The entries should each be set down again precisely.

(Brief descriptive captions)

· · · · ·

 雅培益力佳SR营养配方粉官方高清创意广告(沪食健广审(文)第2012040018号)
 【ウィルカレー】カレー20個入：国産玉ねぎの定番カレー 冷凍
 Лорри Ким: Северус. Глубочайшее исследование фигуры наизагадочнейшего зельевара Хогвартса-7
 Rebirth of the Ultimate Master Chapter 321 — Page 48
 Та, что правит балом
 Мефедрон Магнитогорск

· · · · ·

ANSWER SECTION:
 雅培益力佳SR营养配方粉官方高清创意广告(沪食健广审(文)第2012040018号)
 【ウィルカレー】カレー20個入：国産玉ねぎの定番カレー 冷凍
 Лорри Ким: Северус. Глубочайшее исследование фигуры наизагадочнейшего зельевара Хогвартса-7
 Rebirth of the Ultimate Master Chapter 321 — Page 48
 Та, что правит балом
 Мефедрон Магнитогорск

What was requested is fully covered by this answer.